Extracted records:

- - -

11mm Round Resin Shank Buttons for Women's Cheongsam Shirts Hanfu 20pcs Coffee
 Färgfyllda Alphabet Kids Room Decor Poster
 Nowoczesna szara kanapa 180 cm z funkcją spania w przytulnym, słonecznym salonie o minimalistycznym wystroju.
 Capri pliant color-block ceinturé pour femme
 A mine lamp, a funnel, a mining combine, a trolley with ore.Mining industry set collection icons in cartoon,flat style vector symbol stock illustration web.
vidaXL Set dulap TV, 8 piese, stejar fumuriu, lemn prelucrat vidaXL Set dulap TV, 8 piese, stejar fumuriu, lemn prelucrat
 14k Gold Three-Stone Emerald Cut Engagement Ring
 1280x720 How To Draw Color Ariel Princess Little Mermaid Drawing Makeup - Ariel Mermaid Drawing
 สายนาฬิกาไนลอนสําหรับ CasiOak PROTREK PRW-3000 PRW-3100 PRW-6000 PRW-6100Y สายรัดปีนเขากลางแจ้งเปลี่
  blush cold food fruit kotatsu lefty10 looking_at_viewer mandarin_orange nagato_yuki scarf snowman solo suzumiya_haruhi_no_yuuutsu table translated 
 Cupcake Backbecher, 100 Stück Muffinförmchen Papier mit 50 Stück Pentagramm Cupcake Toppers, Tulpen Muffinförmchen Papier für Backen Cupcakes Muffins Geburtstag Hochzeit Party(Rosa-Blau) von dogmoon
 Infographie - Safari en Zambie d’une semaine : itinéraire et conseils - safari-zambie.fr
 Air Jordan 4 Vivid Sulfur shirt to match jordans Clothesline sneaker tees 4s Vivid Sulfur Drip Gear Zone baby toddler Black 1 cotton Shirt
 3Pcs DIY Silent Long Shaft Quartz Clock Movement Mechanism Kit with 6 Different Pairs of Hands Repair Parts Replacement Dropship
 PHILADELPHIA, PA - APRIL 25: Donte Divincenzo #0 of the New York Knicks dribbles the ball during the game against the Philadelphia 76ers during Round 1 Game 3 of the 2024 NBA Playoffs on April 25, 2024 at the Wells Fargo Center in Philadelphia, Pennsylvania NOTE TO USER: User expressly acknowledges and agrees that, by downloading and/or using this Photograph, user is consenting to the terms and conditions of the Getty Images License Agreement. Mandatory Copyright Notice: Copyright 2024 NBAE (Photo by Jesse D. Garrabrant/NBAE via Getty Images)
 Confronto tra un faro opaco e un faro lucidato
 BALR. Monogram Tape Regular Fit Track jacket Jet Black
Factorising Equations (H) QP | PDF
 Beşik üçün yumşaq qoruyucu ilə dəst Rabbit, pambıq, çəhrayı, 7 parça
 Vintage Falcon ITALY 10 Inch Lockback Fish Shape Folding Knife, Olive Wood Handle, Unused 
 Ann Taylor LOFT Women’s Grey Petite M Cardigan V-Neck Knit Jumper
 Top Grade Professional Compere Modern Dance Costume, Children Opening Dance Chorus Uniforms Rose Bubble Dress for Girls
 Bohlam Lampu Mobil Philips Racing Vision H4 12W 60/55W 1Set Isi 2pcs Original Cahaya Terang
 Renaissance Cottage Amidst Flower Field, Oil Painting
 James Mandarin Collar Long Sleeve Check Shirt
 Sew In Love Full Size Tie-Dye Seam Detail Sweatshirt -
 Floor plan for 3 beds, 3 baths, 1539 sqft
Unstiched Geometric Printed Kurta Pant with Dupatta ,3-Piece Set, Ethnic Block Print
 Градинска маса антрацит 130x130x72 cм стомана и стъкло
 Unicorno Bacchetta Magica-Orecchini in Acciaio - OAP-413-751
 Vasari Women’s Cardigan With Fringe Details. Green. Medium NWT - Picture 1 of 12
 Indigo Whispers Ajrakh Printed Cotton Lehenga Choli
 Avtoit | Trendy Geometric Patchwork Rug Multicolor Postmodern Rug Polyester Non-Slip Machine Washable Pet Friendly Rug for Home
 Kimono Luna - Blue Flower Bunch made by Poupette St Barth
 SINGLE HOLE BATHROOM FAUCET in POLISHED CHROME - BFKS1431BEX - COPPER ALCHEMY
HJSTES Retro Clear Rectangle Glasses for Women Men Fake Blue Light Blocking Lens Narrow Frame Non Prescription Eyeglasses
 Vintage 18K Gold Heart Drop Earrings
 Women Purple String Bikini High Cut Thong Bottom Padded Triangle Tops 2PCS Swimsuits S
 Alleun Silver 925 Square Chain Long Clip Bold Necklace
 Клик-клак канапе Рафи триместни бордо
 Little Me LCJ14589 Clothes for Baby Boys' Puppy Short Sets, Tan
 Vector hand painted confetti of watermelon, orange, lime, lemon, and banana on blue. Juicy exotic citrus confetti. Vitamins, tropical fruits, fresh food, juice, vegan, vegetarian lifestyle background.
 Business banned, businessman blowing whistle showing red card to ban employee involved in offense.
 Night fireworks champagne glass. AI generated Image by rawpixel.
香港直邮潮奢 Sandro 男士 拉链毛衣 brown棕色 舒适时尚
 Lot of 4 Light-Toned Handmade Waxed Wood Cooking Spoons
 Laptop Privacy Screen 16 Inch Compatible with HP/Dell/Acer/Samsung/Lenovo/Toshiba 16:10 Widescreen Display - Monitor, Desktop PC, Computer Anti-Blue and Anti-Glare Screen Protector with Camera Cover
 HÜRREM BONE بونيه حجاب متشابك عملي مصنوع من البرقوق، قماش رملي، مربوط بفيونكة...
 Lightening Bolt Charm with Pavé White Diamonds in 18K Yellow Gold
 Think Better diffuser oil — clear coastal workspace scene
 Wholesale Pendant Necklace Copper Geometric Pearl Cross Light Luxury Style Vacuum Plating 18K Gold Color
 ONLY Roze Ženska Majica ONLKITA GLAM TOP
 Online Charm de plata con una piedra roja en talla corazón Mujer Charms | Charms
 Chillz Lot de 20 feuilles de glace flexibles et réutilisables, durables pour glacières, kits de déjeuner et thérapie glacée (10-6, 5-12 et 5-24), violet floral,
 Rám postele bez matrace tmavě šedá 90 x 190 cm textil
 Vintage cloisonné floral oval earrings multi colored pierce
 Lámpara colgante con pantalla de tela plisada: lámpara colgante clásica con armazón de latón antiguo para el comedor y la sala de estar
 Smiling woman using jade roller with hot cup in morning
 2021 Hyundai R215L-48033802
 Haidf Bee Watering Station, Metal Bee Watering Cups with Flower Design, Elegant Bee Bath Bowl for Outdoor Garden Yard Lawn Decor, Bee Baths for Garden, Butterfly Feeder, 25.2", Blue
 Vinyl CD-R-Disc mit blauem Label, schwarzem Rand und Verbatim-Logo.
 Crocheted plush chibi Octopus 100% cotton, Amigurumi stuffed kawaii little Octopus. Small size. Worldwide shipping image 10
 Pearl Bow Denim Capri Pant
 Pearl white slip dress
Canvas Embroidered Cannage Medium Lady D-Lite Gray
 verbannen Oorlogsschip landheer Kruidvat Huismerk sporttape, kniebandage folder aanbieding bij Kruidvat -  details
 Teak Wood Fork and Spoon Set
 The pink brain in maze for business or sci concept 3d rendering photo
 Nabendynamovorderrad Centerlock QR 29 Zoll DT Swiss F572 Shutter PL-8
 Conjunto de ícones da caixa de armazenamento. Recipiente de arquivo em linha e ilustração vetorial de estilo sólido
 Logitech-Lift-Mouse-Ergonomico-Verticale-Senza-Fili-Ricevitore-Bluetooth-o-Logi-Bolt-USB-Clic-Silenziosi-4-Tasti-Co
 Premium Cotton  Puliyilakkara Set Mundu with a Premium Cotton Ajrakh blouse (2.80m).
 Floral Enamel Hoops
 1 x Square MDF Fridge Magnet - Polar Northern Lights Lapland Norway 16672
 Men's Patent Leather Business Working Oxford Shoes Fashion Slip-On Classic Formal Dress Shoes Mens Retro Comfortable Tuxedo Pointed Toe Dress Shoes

- - -

There is a run of lines above from the one with "Lot of 4 Light-Toned" to the one with "Rám postele bez"; print exactly that run, both ends included, and nothing else.

WRITTEN REPLY:
 Lot of 4 Light-Toned Handmade Waxed Wood Cooking Spoons
 Laptop Privacy Screen 16 Inch Compatible with HP/Dell/Acer/Samsung/Lenovo/Toshiba 16:10 Widescreen Display - Monitor, Desktop PC, Computer Anti-Blue and Anti-Glare Screen Protector with Camera Cover
 HÜRREM BONE بونيه حجاب متشابك عملي مصنوع من البرقوق، قماش رملي، مربوط بفيونكة...
 Lightening Bolt Charm with Pavé White Diamonds in 18K Yellow Gold
 Think Better diffuser oil — clear coastal workspace scene
 Wholesale Pendant Necklace Copper Geometric Pearl Cross Light Luxury Style Vacuum Plating 18K Gold Color
 ONLY Roze Ženska Majica ONLKITA GLAM TOP
 Online Charm de plata con una piedra roja en talla corazón Mujer Charms | Charms
 Chillz Lot de 20 feuilles de glace flexibles et réutilisables, durables pour glacières, kits de déjeuner et thérapie glacée (10-6, 5-12 et 5-24), violet floral,
 Rám postele bez matrace tmavě šedá 90 x 190 cm textil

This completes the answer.